Harding’s writing does not so much convey a meaning as a mood: one of intense self-satisfaction. The warm glow of self-righteousness radiates from almost every page, as from an electric heater. Here he is on the Macedonian treatment of Kosovar refugees during Nato’s bombing campaign: « There was much to extenuate the reaction of this little country to the overwhelming influx of refugees – it was no worse than the worst reactions in wealthier countries to the arrival of the Kosovars – but in the end, it looked very much like a version of the same hostility that had driven them from their homes in the first place. »

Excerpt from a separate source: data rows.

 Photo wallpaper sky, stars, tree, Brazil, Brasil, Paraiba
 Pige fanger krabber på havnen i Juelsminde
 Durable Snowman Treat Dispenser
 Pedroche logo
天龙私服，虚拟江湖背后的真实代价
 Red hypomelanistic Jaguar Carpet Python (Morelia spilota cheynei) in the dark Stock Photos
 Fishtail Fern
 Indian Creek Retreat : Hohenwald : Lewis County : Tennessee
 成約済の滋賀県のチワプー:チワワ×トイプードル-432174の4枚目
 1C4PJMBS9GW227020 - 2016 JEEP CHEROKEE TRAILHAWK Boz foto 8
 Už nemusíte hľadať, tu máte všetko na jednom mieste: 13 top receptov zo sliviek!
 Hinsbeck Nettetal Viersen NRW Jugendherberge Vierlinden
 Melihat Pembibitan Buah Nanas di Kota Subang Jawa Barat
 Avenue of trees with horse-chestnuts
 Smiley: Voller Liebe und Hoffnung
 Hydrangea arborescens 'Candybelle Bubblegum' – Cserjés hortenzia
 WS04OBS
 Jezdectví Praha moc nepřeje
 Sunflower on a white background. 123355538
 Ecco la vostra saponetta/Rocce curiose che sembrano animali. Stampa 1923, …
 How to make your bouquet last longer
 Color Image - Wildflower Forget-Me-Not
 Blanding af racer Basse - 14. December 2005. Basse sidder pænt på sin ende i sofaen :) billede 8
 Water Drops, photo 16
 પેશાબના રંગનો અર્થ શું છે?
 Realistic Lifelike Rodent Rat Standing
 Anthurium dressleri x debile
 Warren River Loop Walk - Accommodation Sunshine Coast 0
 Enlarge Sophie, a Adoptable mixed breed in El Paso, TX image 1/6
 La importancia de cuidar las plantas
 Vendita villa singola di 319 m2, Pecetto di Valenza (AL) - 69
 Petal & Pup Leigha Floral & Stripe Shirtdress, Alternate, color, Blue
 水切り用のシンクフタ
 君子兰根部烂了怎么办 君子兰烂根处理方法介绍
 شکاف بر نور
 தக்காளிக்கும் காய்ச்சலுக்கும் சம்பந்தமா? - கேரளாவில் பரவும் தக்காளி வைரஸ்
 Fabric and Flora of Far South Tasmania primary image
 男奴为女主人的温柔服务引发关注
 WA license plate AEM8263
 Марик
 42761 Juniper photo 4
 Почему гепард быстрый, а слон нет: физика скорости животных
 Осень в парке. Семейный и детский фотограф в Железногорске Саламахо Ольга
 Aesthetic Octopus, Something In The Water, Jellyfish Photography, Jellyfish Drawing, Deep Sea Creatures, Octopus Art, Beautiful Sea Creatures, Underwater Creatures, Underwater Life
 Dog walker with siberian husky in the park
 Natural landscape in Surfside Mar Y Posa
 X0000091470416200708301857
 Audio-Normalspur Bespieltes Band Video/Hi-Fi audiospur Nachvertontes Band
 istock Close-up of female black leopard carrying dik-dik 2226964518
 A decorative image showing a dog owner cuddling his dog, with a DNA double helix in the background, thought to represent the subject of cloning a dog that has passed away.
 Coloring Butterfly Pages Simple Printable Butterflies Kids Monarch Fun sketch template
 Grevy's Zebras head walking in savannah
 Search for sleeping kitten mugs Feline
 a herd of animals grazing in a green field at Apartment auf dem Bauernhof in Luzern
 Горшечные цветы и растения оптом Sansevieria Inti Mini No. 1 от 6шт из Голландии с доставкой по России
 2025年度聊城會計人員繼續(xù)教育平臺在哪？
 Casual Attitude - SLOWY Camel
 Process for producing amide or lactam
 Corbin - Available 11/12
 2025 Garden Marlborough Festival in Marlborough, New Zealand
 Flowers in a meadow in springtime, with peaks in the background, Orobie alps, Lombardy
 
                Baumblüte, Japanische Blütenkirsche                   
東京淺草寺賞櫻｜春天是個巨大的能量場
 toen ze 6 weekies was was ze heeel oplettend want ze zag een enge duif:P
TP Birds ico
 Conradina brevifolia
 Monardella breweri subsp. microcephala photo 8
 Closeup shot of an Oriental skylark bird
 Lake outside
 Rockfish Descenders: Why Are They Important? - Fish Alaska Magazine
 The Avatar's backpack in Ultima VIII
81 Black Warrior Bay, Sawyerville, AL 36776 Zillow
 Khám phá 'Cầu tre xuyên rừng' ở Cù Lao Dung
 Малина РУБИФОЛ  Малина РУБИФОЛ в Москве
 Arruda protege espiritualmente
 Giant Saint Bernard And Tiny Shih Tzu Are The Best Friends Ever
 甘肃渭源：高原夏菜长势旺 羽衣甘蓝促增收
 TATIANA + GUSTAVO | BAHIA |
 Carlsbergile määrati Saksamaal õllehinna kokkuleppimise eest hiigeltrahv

This sentence succeeds in being confused, repulsive and erroneous at the same time, which is a considerable achievement in so short a passage of prose. It conveys no overall moral or empirical point; it is mealy-mouthed about the problems faced by the Macedonians, which were roughly equivalent in scale, pro rata, to those that would have been posed by the arrival within a few weeks of 25m Mexicans in the United States; and it implies that the treatment of the Kosovars in Macedonia was morally equivalent to that they had received in Kosovo. This latter is a disgusting slur, the only possible function of which is to stimulate admiration in the reader for the intensity of the author’s compassion.

The refusal to face in any concrete way the real moral and practical dilemmas posed by mass migration is this book’s greatest weakness. It also has an exhibitionist, self-important quality. There is a great difference between being open-hearted and wearing one’s heart on one’s sleeve, though this is a distinction that we seem ever less able to make.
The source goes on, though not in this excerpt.